#### [AIM OF THE TASK]
Print exactly what appears from the line containing "Gearbox CITROËN C4" through the final line of the data below, pictures excluded.
MATERIAL PROVIDED START
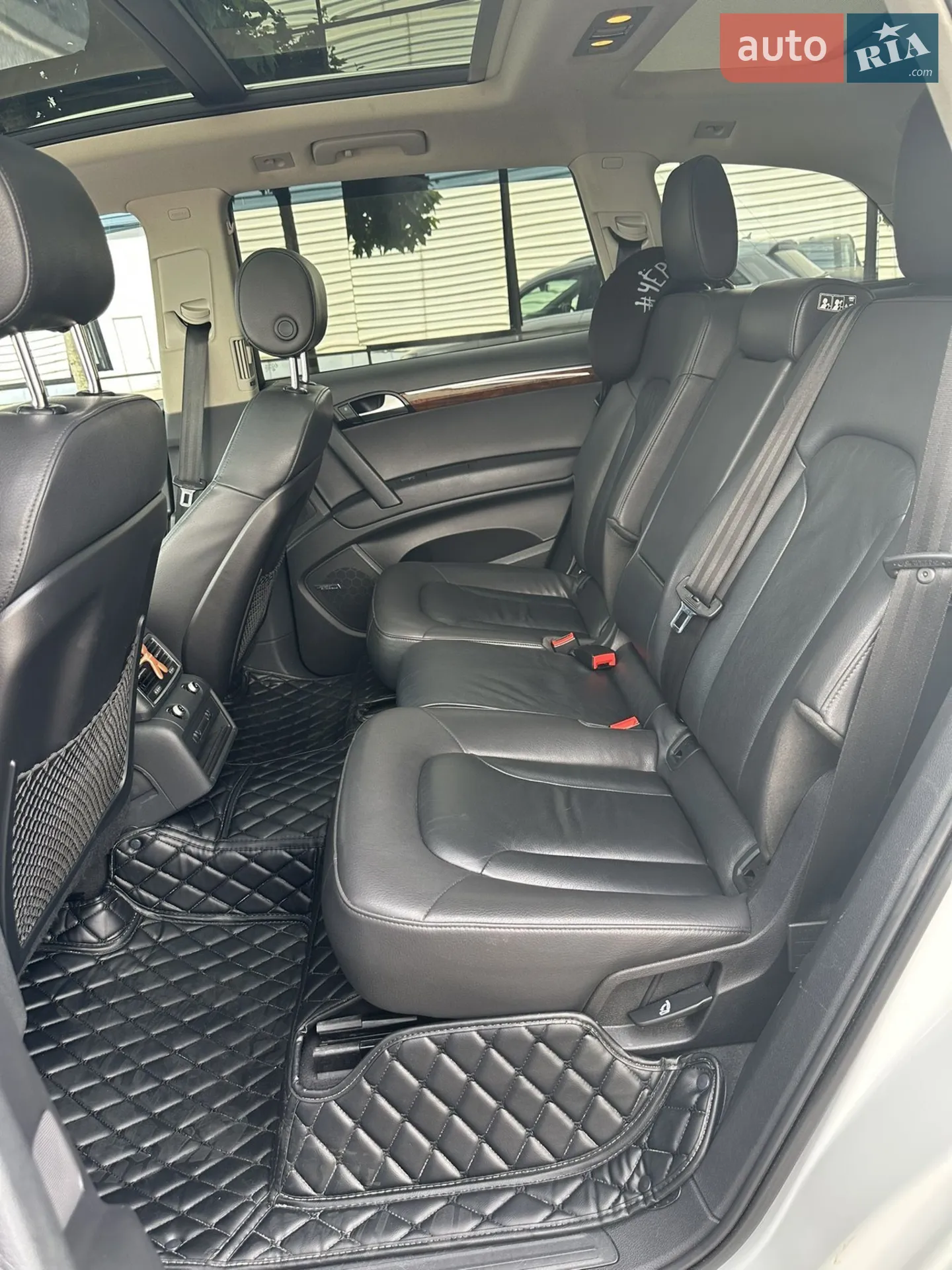 2015 Audi Q7 - мініатюра 6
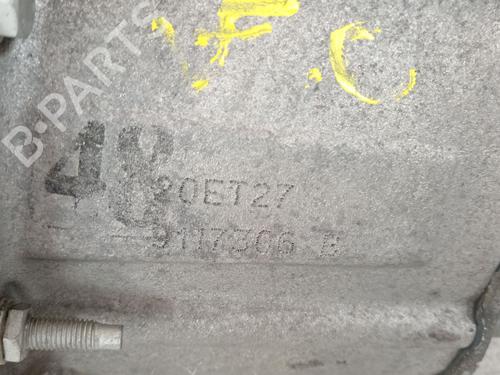 Gearbox CITROËN C4 CACTUS 1.6 BlueHDi 100 | BP33209483M3  - Image 6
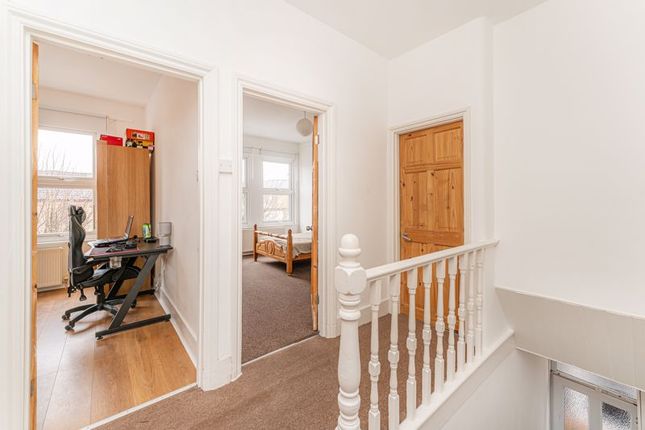 Flat for sale in Palmerston Road, London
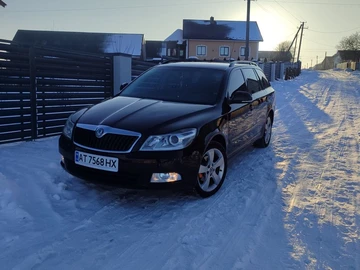 Авто Skoda Octavia 2011 № 8423161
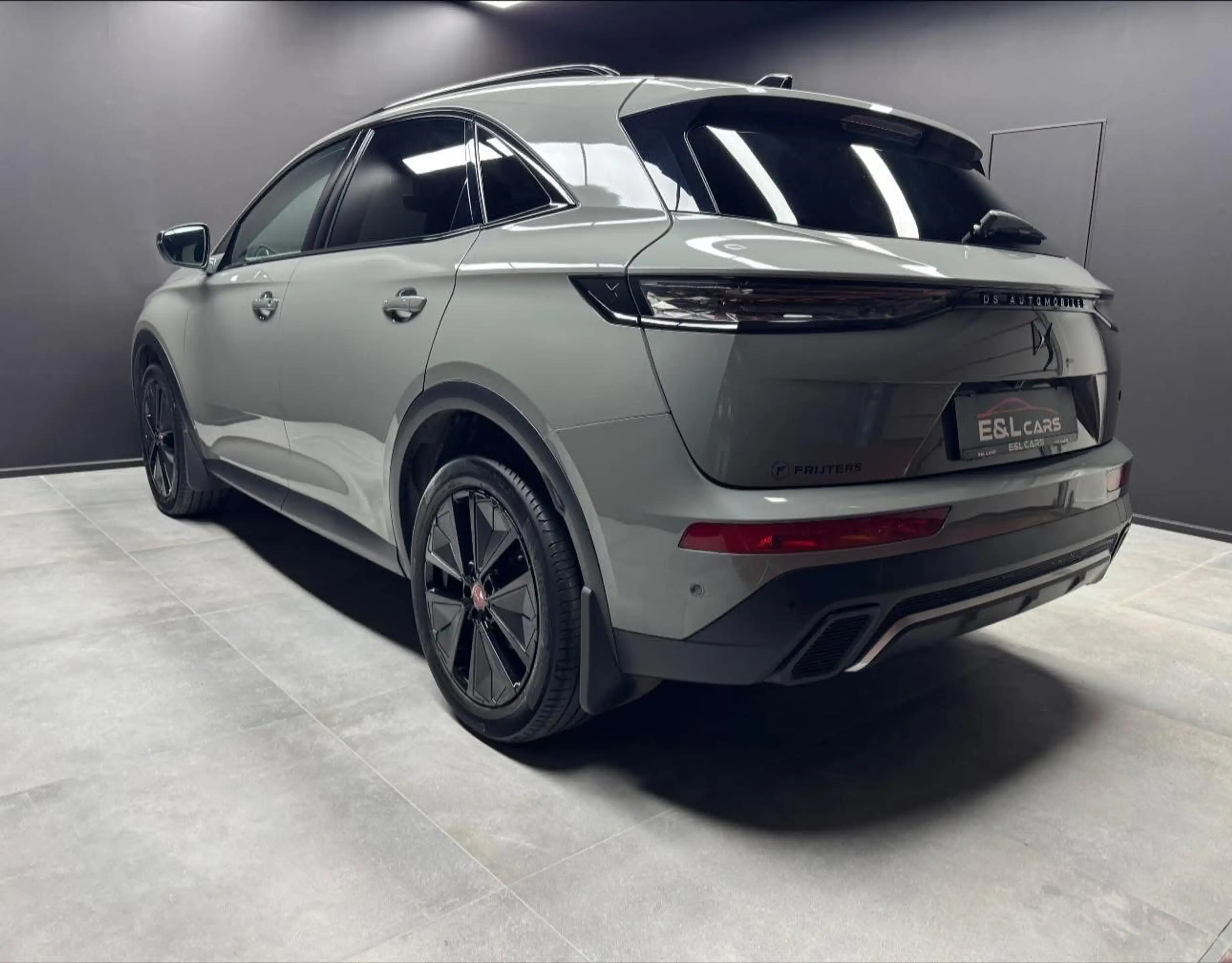 DS Automobiles DS 7 DS 7 1.5 BlueHDi **12 mois de garantie** — photo 6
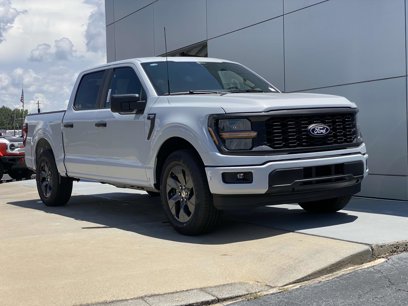 New 2025 Ford F150 STX w/ Equipment Group 200A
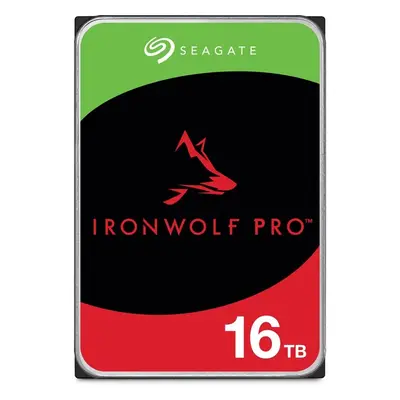 Seagate IronWolf Pro 16TB 3.5" HDD ST16000NT001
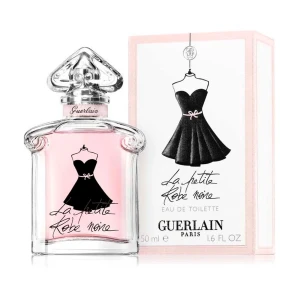 Туалетна вода жіноча - Guerlain La Petite Robe Noire, 50 мл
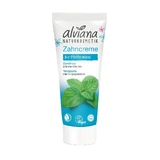 Alviana Toothpaste A La Menthe Bio 75ml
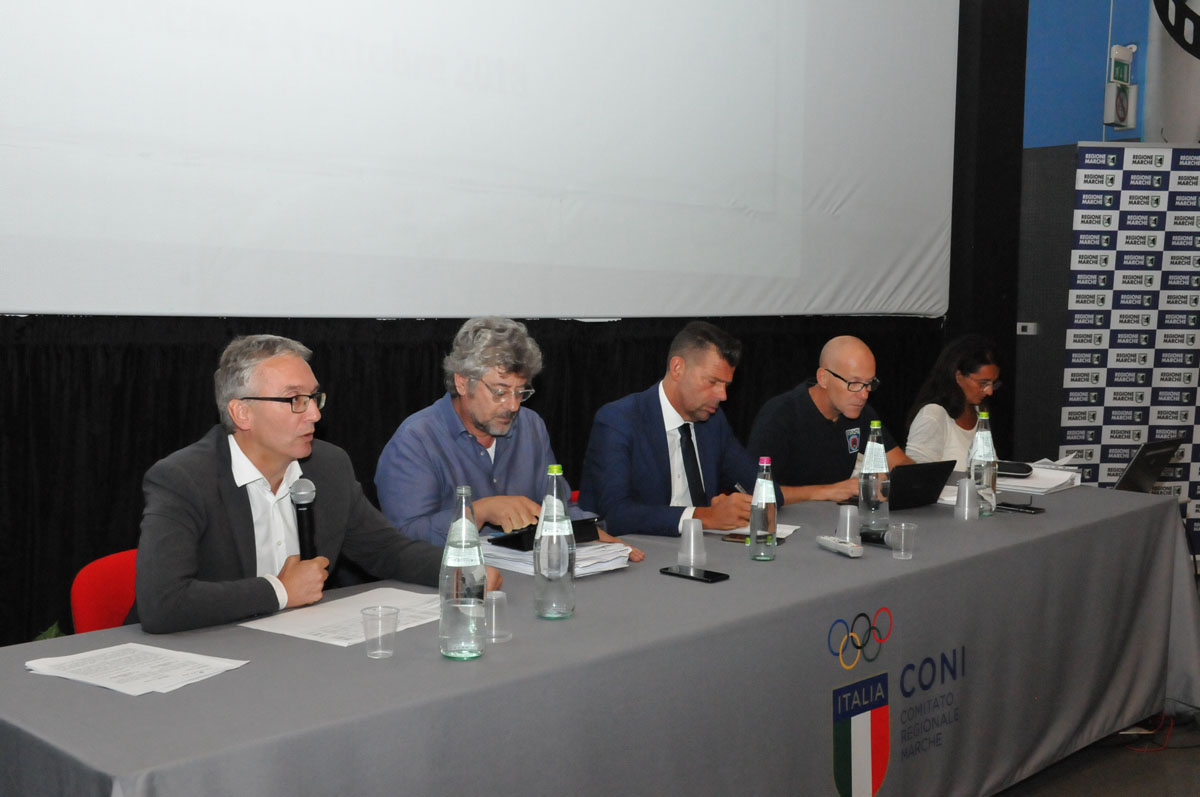 Ceriscioli sul nuovo commissario: <br> «Bene che sia marchigiano»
MATERIAL PROVIDED END
#### [WRITTEN REPLY]
 Gearbox CITROËN C4 CACTUS 1.6 BlueHDi 100 | BP33209483M3  - Image 6
 Flat for sale in Palmerston Road, London
 Авто Skoda Octavia 2011 № 8423161
 DS Automobiles DS 7 DS 7 1.5 BlueHDi **12 mois de garantie** — photo 6
 New 2025 Ford F150 STX w/ Equipment Group 200A
 Seagate IronWolf Pro 16TB 3.5" HDD ST16000NT001
 Туалетна вода жіноча - Guerlain La Petite Robe Noire, 50 мл
 Alviana Toothpaste A La Menthe Bio 75ml
 Ceriscioli sul nuovo commissario: <br> «Bene che sia marchigiano»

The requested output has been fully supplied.